··· DATA SHOWN

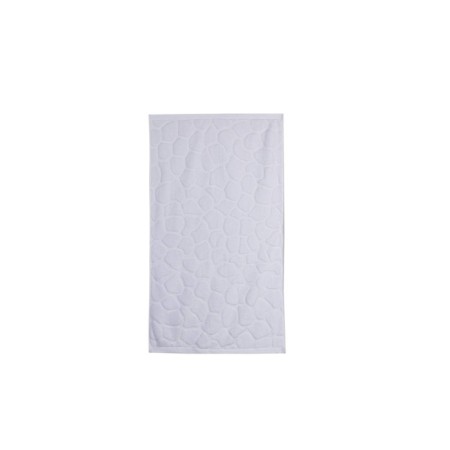 Terry towel Sofi de Marko Mari, 550 gr, size 50x90 cm, white color-1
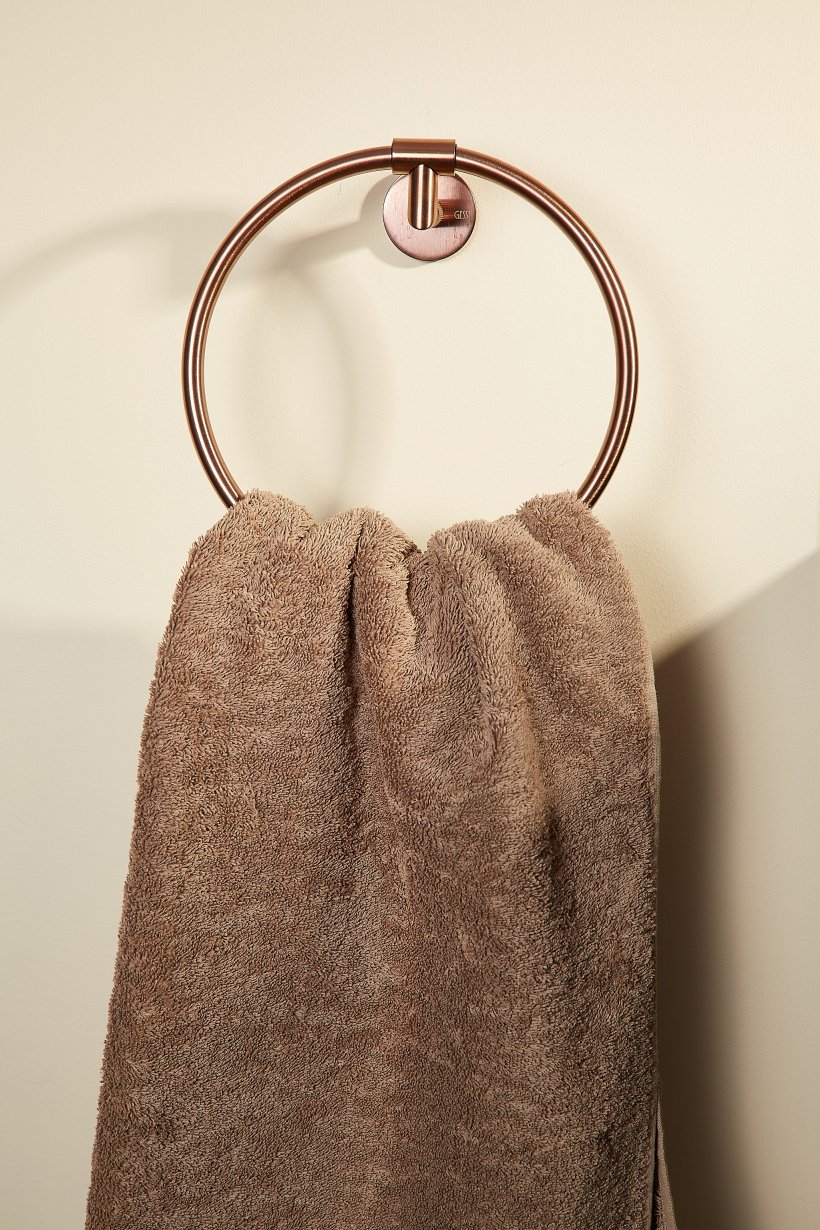 Gessi, Anello Portasalviette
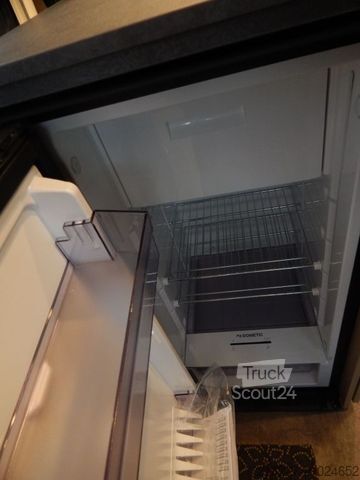 Camping-car PÖSSL Trenta 600 SONDERPREIS+WINTER SALE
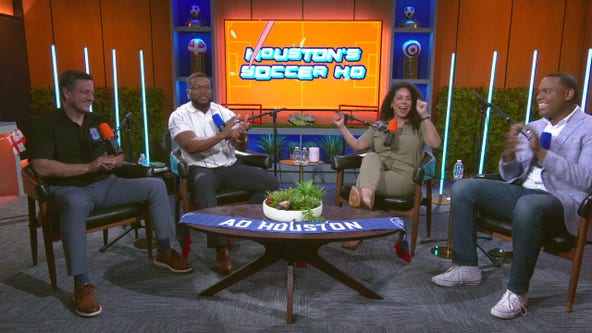 Chris Canetti talks soccer coming to Houston | Houston's Soccer HQ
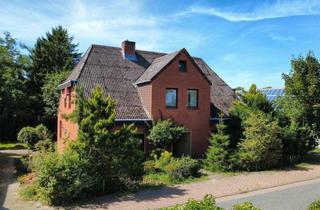 Haus kaufen in 21787 Oberndorf, Sanierungsobjekt mit Wassergrundstück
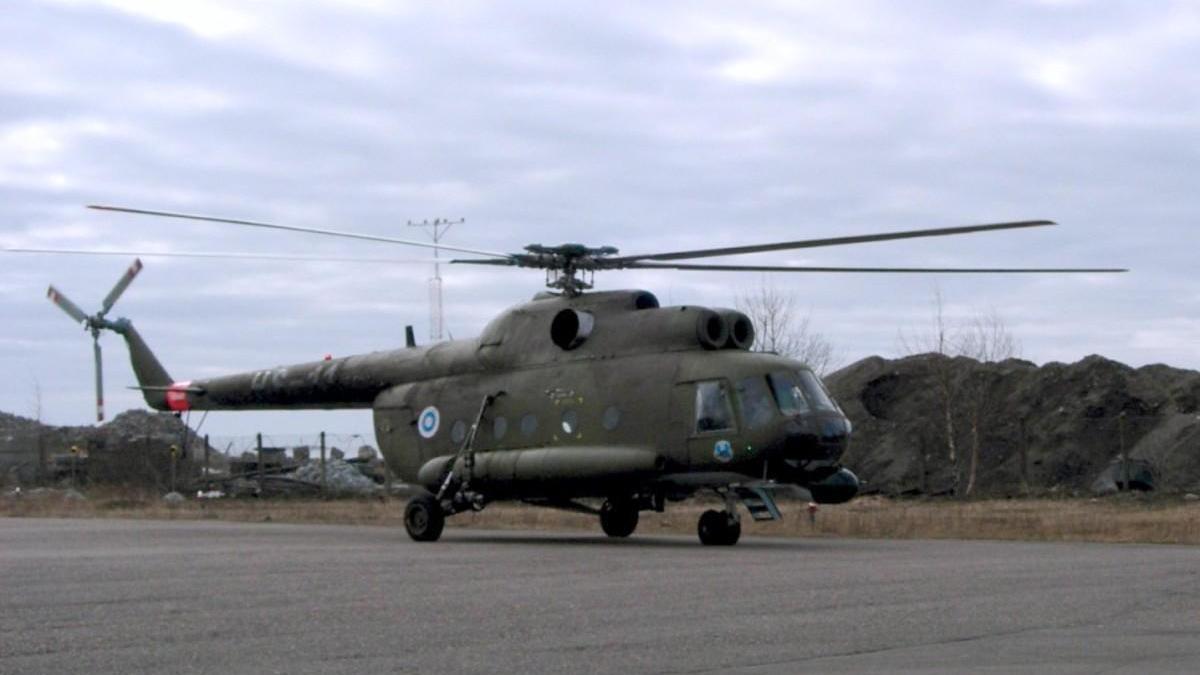 Mueren 18 personas al estrellarse un helicóptero en Siberia
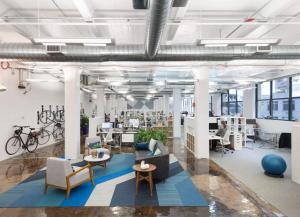 Flexible Office Market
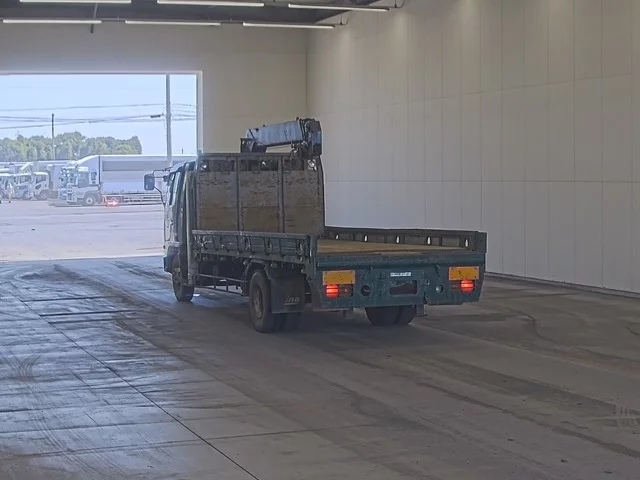 Hino Ranger  с аукциона в Японии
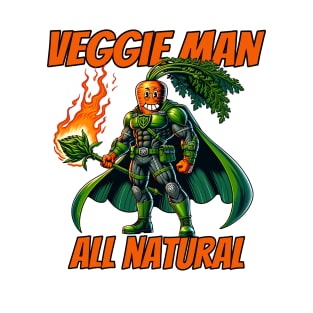 Veggie Man T-Shirt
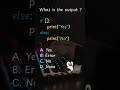 Saiyaara Tu To 🎵 Python Quiz: What Does if [] Print? #shorts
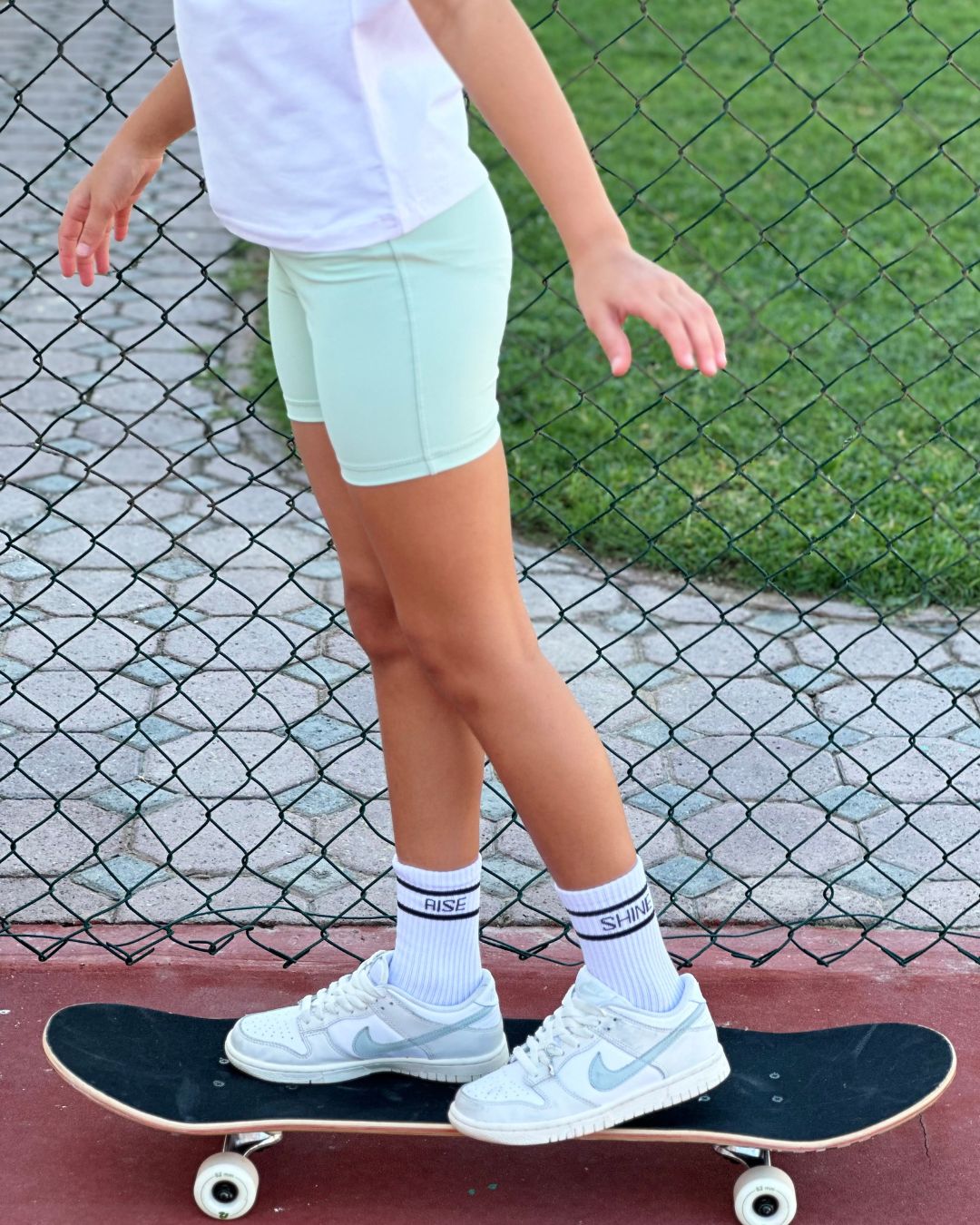 Venice shorts - Fresh Mint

······

WORK INSTRUCTION: All of the data is to be returned exactly, with no pictures included.

WRITTEN REPLY:
 Terry towel Sofi de Marko Mari, 550 gr, size 50x90 cm, white color-1
 Gessi, Anello Portasalviette
 Camping-car PÖSSL Trenta 600 SONDERPREIS+WINTER SALE
 Chris Canetti talks soccer coming to Houston | Houston's Soccer HQ
 Haus kaufen in 21787 Oberndorf, Sanierungsobjekt mit Wassergrundstück
 Mueren 18 personas al estrellarse un helicóptero en Siberia
 Flexible Office Market
 Hino Ranger  с аукциона в Японии
 Veggie Man T-Shirt
 Saiyaara Tu To 🎵 Python Quiz: What Does if [] Print? #shorts
 Venice shorts - Fresh Mint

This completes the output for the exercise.